P
pickanumber v0.7 · draft
90+ submissions 342 BLS occupations 9 frontier models

Don't let the LLM pick a number.

Ask an LLM to score something on a 0–10 scale and you'll get a 7. Ask again, you'll get a 7. Vary the input and you'll still get a 7. The model isn't grading — it's anchoring. This is a methodology and a working set of tools that fix the problem the same way every time: the LLM finds evidence; math computes the score.

Install the default skill

LLMs anchor to 7-out-of-10.

Across 90+ hackathon submissions (codebases and demo videos, three events) and 342 BLS occupations, models picked numbers in a tight band centered on 7. Variance was high run-to-run, but the central tendency stayed locked. Calibration was decoration, not signal.

Asking nicely doesn't help.

"Be honest." "Use the full scale." "A 4 means genuinely excellent." We tried all of it. Public benchmarks like lechmazur/writing retired their absolute rubric scoring after 9,139 score rows showed it. The pattern is the model, not the prompt.

Don't ask for a number. Ask for evidence.

LLMs are reliable at one thing: finding bounded, signed observations with file:line or timestamp evidence. Collect those. Run them through a formula. The number you get out is stable across reruns, calibrated, and defensible.

Seven principles.

Each one rules out a way the LLM-pick-a-number failure mode sneaks back in. Together they define a scoring pipeline you can defend against an adversary who's read the prompt.

  1. 01

    Separate observation from scoring

    The LLM finds evidence. A formula, not the LLM, produces the score. The number is computed, not chosen.

  2. 02

    Discrete signed impact items

    Every piece of evidence gets one of {+5, +3, +2, +1, −1, −2, −3, −5}. Forces commitment. Removes the 7-out-of-10 anchor.

  3. 03

    Diminishing returns (sqrt)

    normalized = net_impact / sqrt(total_items). The 40th item adds less than the 4th. Evidence farming is punished.

  4. 04

    Density-weighted confidence

    Confidence = how much evidence the scorer found, not how sure the scorer feels. Sparse runs are visibly low-confidence.

  5. 05

    Anchored center

    Sparse-evidence runs regress toward 50. The multiplier never exceeds 1.0 — high evidence confirms, never amplifies beyond raw.

  6. 06

    Bounded scale with self-check

    Final scores live in [0, 100]. Across criteria, the spread must be ≥ 20 — otherwise the evaluator was not discriminating.

  7. 07

    Separation of LLM and deterministic computation

    Independent passes by different model families collect evidence. Math, not the LLM, combines them. Adversarial synthesis catches contradictions.

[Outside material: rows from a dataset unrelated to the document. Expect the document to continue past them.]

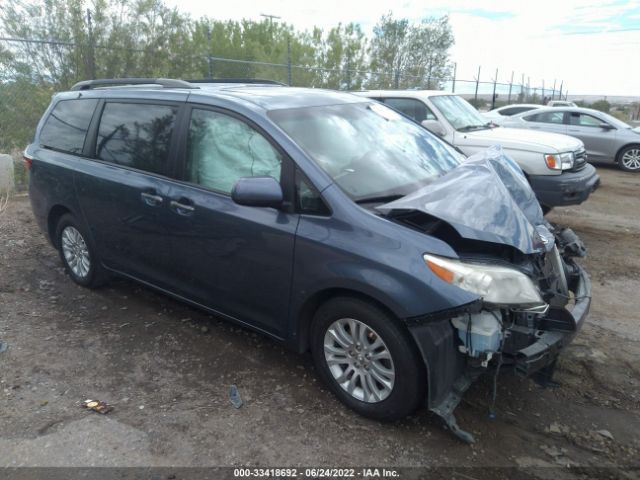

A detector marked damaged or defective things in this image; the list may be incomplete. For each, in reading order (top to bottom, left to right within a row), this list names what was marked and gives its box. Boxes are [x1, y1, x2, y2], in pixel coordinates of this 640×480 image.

deployed airbag cover [378, 145, 548, 255]
bent hood [378, 147, 552, 255]
bent hood [462, 126, 584, 153]
shattered headlight [544, 153, 576, 172]
damaged toyota sienna [27, 79, 592, 442]
shattered headlight [424, 255, 544, 308]
crumpled front bumper [512, 260, 592, 376]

Discrete impact → diminishing returns → confidence-weighted.

Two application patterns. Use the pooled variant for simple checkers (one bucket of evidence, one final score). Use the per-criterion variant for matrix benchmarks (formula runs once per criterion; weighted average produces the overall).

# Per criterion
net_impact         = sum(item.impact for item in items)
total_items        = len(items)
normalized         = net_impact / sqrt(total_items)
raw                = clamp(50 + normalized * 8.0, 0, 100)
density            = total_items / 20
multiplier         = 0.75 + 0.25 * clamp(density, 0, 1)   # never > 1.0
final              = round(50 + (raw - 50) * multiplier)
confidence         = clamp(density, 0, 1)
# Across criteria (overall)
overall_score       = round(sum(c.final * c.weight))
overall_confidence  = min(c.confidence for c in criteria)
self_check_span     = max(c.final) - min(c.final)
                      # must be >= 20

Discrete impact set: {+5, +3, +2, +1, −1, −2, −3, −5}. Hard cap of 5 items per perspective per criterion per pass. The multiplier never exceeds 1.0 (confirms, never amplifies). Sparse evidence is visibly low-confidence, not silently confident.

Calibration anchors.

The 8.0 scale factor was tuned to put scores at familiar landmarks. The numbers below are not opinions — they fall out of the formula given each normalized_impact.

normalized_impact→ raw_scoretier
+5.0~90Exceptional (5–10% of submissions)
+2.5~70Above average
0.0~50Average
−2.5~30Below average
−5.0~10Poor

Run the math by hand.

Four small examples + one real-world rescoring. The toy cases show how the pieces interact; the rescoring shows what changes when an existing benchmark drops the LLM-picks-a-number step.

  1. A

    Strong, abundant evidence

    given · net_impact = +25, total_items = 25

    • · normalized = 25 / sqrt(25) = 5.0
    • · raw = 50 + (5.0 × 8.0) = 90
    • · density = 25/20 = 1.25 → multiplier = 1.0
    • · final = 90, confidence = 1.0
  2. B

    Strong, sparse evidence

    given · net_impact = +25, total_items = 4

    • · normalized = 25 / sqrt(4) = 12.5
    • · raw = 50 + (12.5 × 8.0) = 150 → clamped 100
    • · density = 4/20 = 0.2 → multiplier = 0.80
    • · final = round(50 + 50 × 0.80) = 90, confidence = 0.2
  3. C

    Average

    given · net_impact = 0, total_items = 20

    • · normalized = 0
    • · raw = 50
    • · density = 1.0 → multiplier = 1.0
    • · final = 50, confidence = 1.0
  4. D

    Weak, well-evidenced

    given · net_impact = −15, total_items = 25

    • · normalized = −15 / sqrt(25) = −3.0
    • · raw = 50 + (−3.0 × 8.0) = 26
    • · density = 1.25 → multiplier = 1.0
    • · final = 26, confidence = 1.0 (high confidence in a low score)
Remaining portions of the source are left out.